In a survey of 1,000 millennials by the US’s Thriving Center of Psychology, 81 per cent said they couldn’t afford to have a midlife crisis. More than half said they didn’t have time for one, but half said they’d probably have one anyway, in the Eeyore-laden tones of one expecting the washing machine to pack in at any moment.

In the past, there were very clear parameters for what constituted a midlife crisis: Ferrari, motorbike, makeover, extreme sports, younger dates and, if Kathy Bates in Fried Green Tomatoes, hammering your car into the back of someone else’s while declaring, “Face it girls, I’m older and I have more insurance.”

Now, though, things are different. Twentysomethings have taken the edge off the sports car market by racing around Chelsea. Motorbikes are even thinner on the ground, although my husband is partial to an electric scooter to really experience life on the edge. Of my dwindling biker friends, Anna and her partner Andy are blood bikers, which sounds excitingly midlife crisis-y until you learn that it’s a team of volunteers who transport medical supplies for the NHS.

More likely in my neck of the woods in Streatham are bikes. There was great excitement in my street a few weeks back when a BikeNest materialised outside number 67 – but who’s got the energy? We’re more likely to see hordes of urban forest and Lime bikes chucked outside the Co-op.

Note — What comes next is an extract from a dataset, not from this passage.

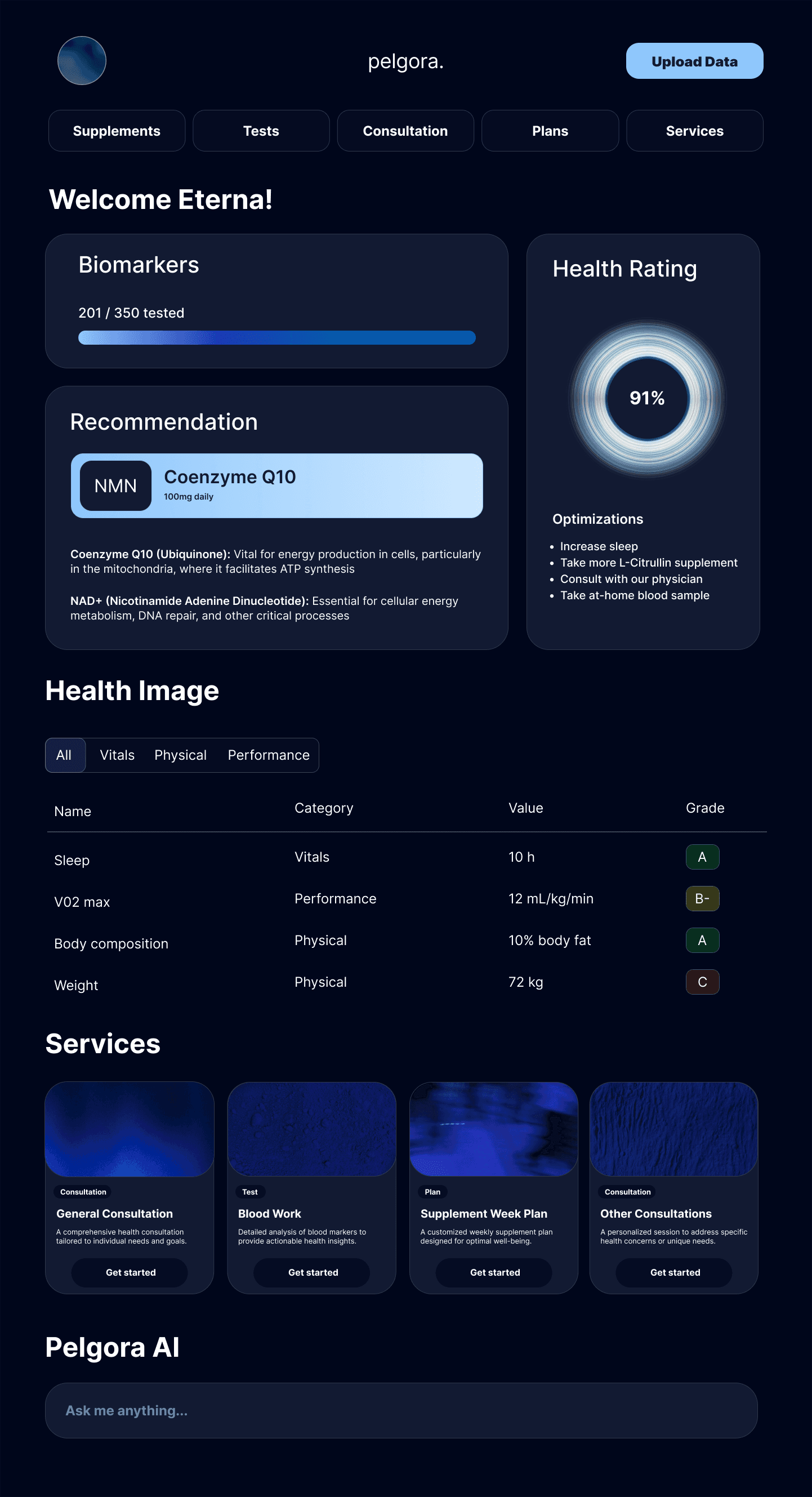 Dashboard visualization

What about the quintessential midlife crisis Ferrari? I feel on firmer ground as my husband and I got a new MG last year – but we rent it... and it’s electric because of Ulez... and a five-door so we can fit the dog in the back seat. Damn. Also, Instagram has seen interiors take over where cars used to lead. Posting photos of your DIY panelling and the paint you’ve used on your skirting boards is the equivalent of waxing the car on a Sunday.

In other areas, midlife tropes are alive and well, but only because millennials have been doing them for ages. We all got into running, cycling and pilates in our twenties – I ran my midlife crisis marathon at 31, well ahead of schedule – and established sensible skin routines.

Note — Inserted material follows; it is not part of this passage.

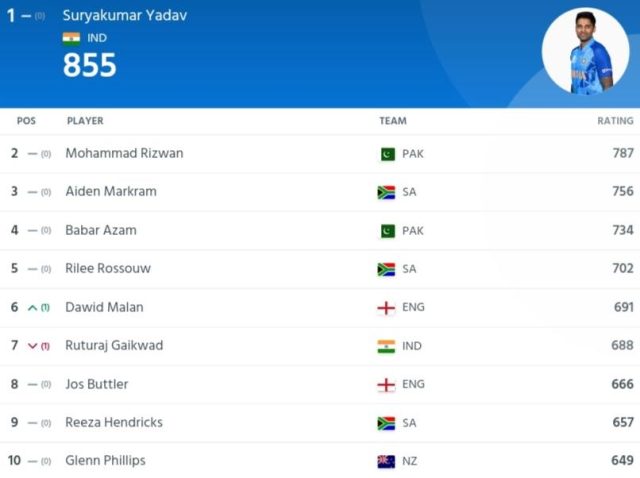 ICC Men's T20I Player Rankings, No Rohit & Virat in TOP 10, Ravi Bishnoi Becomes No.1 T20I Bowler After IND vs AUS T20I series | ICC Men's T20I Player Standings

I haven’t yet had “tweakments” because I have a good dermatologist, and ADHD means that I spend so much time researching that I get paralysed by indecision. A late-40s pal who got a mini face-lift recently looked so good beforehand that the results were invisible to the naked eye.

Equally, the conversation about hair transplants is fascinating given the omertà that has long existed among men about discussing practically anything. I will be visiting my dentist for some cosmetic work, but this is less due to giving my mouth a makeover and more that I chipped one of my veneers on Monday while eating a rice cake. Gentlemen, form an orderly queue, please, lest my midlife hotness overwhelm you.

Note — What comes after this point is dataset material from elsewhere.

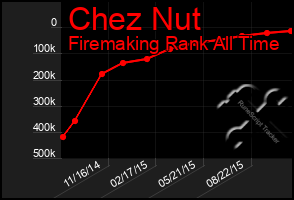 Total Graph of Chez Nut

But I suspect the main reason midlife crises aren’t on the cards is that millennials have been in a state of perpetual struggle for the last 20 years. You have a quarter-life crisis in your mid-20s when you realise Brandon Flowers is your age and you’ll never be a platinum-selling rock star, then you have the list of things to do before you’re 30.

You’ve got newspapers barking at you to have kids before you’re 35, but you can’t afford to buy a property unless you’re a banker or your parents give you a hand. Oh, and then the financial crisis in 2008 which we still don’t seem to have recovered from. Perhaps the real midlife crisis is the one we’ve been in all along...

The market is so much less secure than for previous generations – no wonder millennials have been making big changes in their careers, often around entrepreneurship. My dad worked in the same firm his entire career, whereas I was made redundant four times by 34.

A true midlife crisis is about raging against the status quo, and how can you when the market is so uncertain and career prospects post-50 are famously iffy? There isn’t time to react against convention when things are still unsettled. Maybe we’ll upcycle some furniture or get really into pottery.

But the truly wobbly crisis will need to wait until things are more stable – shall we circle back in 10 years?